Hierarchical Configuration
You can now customize operational settings per memory bank. Configure retention behavior, extraction modes, and custom instructions for each bank independently.
# Update retention settings for a specific bank
curl -X PATCH http://localhost:8888/v1/default/banks/my-bank/config \
-H "Content-Type: application/json" \
-d '{
"updates": {
"retain_chunk_size": 1000,
"retain_extraction_mode": "custom",
"retain_custom_instructions": "Keep specific details about incidents, ignore complaints."
}
}'
Configuration cascades from system defaults (env vars) → tenant overrides → bank-specific settings. The bank config API is enabled by default and can be disabled with HINDSIGHT_API_ENABLE_BANK_CONFIG_API=false.

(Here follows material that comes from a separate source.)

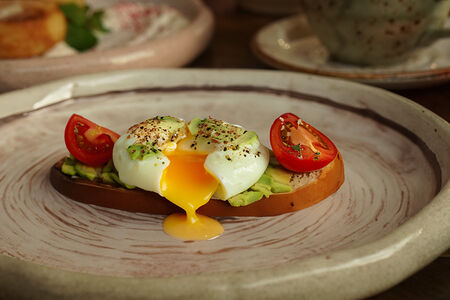 Яйцо пашот с томатами и авокадо на свежевыпеченной фокачче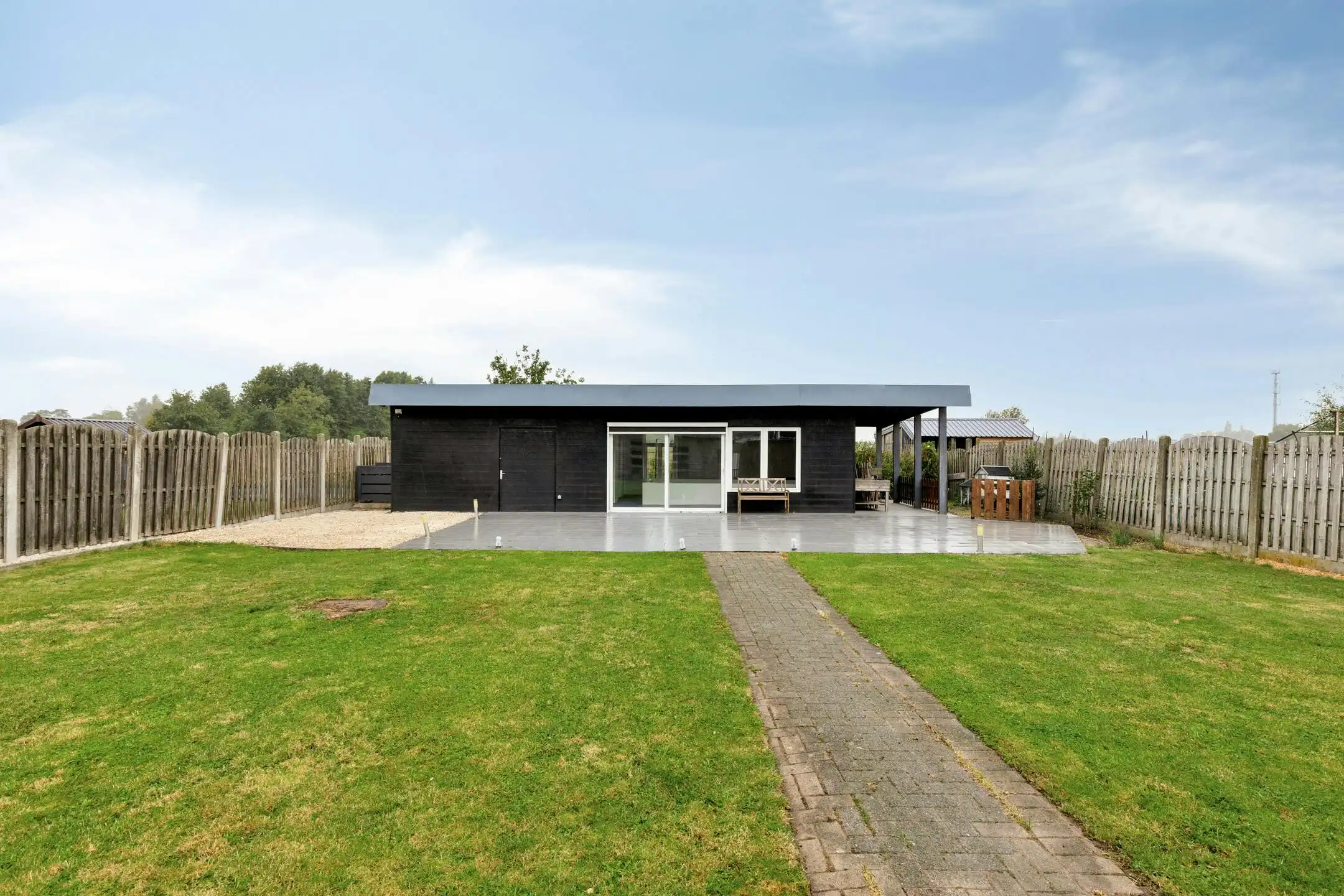 Ruime gezinswoning met tal van opties in Oostwinkel foto 12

Type-safe access prevents accidentally using global defaults when bank overrides exist. See the Configuration Guide for details on hierarchical configuration.
LiteLLM SDK Integration
Hindsight already supported LiteLLM via proxy mode (routing requests through a LiteLLM proxy server). Now you can use LiteLLM directly via the Python SDK for embeddings and reranking—no proxy server needed.
This means simpler setup, lower latency, and fewer infrastructure components while still getting LiteLLM's benefits: unified observability, model fallback, and multi-provider support.
# Before: Required running a separate LiteLLM proxy server
export HINDSIGHT_API_EMBEDDINGS_PROVIDER=litellm
export HINDSIGHT_API_EMBEDDINGS_LITELLM_API_BASE=http://localhost:4000
# Now: Direct SDK access, no proxy needed
export HINDSIGHT_API_EMBEDDINGS_PROVIDER=litellm-sdk
export HINDSIGHT_API_EMBEDDINGS_LITELLM_SDK_API_KEY=your-api-key
export HINDSIGHT_API_EMBEDDINGS_LITELLM_SDK_MODEL=cohere/embed-english-v3.0
The same applies to reranking with HINDSIGHT_API_RERANKER_PROVIDER=litellm-sdk. Use proxy mode when you need centralized rate limiting and caching; use SDK mode for simpler deployments.
Expanded Database Support
PostgreSQL search support now includes:
- TimescaleDB pg_textsearch for better full-text search in time-series workloads (docker-compose example)
- vchord and pgvector for flexible vector storage options (docker-compose example)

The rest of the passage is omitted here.